Buildbot/Talos/Sheriffing/Alert FAQ
FAQ
What alerts are displayed in Alert Manager
[Alert Manager] is designed to show users the alerts that need attention first. This is based on a time based series, and we only show alerts that are regressions. When an alert is added to the system, it is marked with a status of 'NEW'. Once you have investigated it and added a bug, the status changes to 'Investigating'. You will only see 'NEW' or 'Investigating' alerts by default when pulling up the main view of [Alert Manager].
Keep in mind there are other types of alerts. We do our best to automatically detect [merges]. When we do detect merges, those are hidden from the default view and a 'show/hide merged alerts' link shows up under the revision id. Clicking that will show all the merged alerts.
To see all alerts related to a change, you can view the 'Show All' version by clicking the show all checkbox in the top nav bar and clicking filter. That will bring in all alerts (resolved, wontfix, duplicate, etc.) so it is recommended that you only do this while viewing alerts for a single revision.
Do we care about all alerts/tests
Yes we do. Some tests are more useful to look at than others, mostly due to the noise in the tests. Here are some alerts which are should be looked at with a lower priority or ignored:
- LibXUL Memory during link - not a talos test, data is posted to graph server from the builds. In fact I rarely look at these
- %CPU/MainRSS - these are counters- unless they are really high >10% there is no need to investigate these.

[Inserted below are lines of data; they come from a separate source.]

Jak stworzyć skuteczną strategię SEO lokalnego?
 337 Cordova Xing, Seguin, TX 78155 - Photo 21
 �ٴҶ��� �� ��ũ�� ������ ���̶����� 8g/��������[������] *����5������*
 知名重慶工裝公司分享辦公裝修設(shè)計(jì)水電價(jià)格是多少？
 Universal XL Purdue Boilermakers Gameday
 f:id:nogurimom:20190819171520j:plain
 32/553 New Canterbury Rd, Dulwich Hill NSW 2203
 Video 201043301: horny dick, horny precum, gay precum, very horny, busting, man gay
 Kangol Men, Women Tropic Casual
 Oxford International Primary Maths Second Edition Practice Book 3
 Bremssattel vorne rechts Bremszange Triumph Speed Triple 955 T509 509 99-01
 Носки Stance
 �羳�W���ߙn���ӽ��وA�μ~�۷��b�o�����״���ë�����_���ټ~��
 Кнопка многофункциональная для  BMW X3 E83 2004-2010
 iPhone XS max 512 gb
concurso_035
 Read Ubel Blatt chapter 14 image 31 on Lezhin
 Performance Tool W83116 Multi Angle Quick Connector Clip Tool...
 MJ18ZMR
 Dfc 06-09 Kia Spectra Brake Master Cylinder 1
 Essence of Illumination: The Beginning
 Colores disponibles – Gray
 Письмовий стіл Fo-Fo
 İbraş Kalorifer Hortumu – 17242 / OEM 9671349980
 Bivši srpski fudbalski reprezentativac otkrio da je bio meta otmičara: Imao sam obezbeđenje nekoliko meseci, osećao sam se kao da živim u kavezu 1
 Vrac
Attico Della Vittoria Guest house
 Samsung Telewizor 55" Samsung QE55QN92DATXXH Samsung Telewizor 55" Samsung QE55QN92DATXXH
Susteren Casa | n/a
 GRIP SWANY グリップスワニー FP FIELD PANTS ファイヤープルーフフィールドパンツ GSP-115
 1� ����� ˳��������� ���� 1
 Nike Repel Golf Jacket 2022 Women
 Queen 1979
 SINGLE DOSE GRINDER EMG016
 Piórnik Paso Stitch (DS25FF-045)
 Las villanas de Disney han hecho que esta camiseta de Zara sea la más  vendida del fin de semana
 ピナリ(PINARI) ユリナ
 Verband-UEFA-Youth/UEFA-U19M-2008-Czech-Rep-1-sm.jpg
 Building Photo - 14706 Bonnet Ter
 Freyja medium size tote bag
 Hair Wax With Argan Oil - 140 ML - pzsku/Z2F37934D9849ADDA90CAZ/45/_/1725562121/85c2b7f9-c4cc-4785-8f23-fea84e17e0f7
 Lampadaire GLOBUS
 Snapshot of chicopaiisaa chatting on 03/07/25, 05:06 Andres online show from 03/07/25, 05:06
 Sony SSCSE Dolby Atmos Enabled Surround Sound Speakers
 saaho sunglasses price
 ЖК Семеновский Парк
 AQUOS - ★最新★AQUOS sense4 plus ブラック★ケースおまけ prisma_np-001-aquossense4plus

- Dromaeo DOM - we only alert on >10%. These are more of a sanity test than a real performance test at this point
- a11y - not a noisy test, but historically it has had a lot of ups and downs unrelated to checkins
Here are some platforms/tests which are exceptions:
- OSX 10.6, we only run tests that are related to graphics rendering. We don't run tp5o, ts_paint, sessionrestore*, tart/cart.
- Windows XP - we don't run dromaeo*, kraken, v8
- Linux64 - the only platform which supports media_tests
- Windows 7 - the only platform that supports xperf (toolchain is only installed there)
Lastly, we should prioritize alerts on the Mozilla-Beta and Mozilla-Aurora branches since those are affecting more people.
What does a regression look like on the graph
On almost all of our tests, we are measuring based on time. This means that the lower the score the better. Whenever the graph increases in value that is a regression.
we have some tests which measure internal metrics. A few of those are actually reported where a higher score is better. This is confusing, but we refer to these as reverse tests. The list of tests which are reverse are: dromaeo_css dromaeo_dom v8 version 7 canvasmark
Why does Alert Manager print -xx%
The alert will either be a regression or an improvement. For the alerts we show by default, it is regressions only. It is important to know the severity of an alert. For example a 3% regression is important to understand, but a 30% regression probably needs to be fixed ASAP. This is annotated as a XX% in the UI. We use -XX% to denote a regression, and for the improvement alerts it is +XX%.
NOTE: for the reverse tests we take that into account, so whenever there is a -XX%, that is the percent of the regression.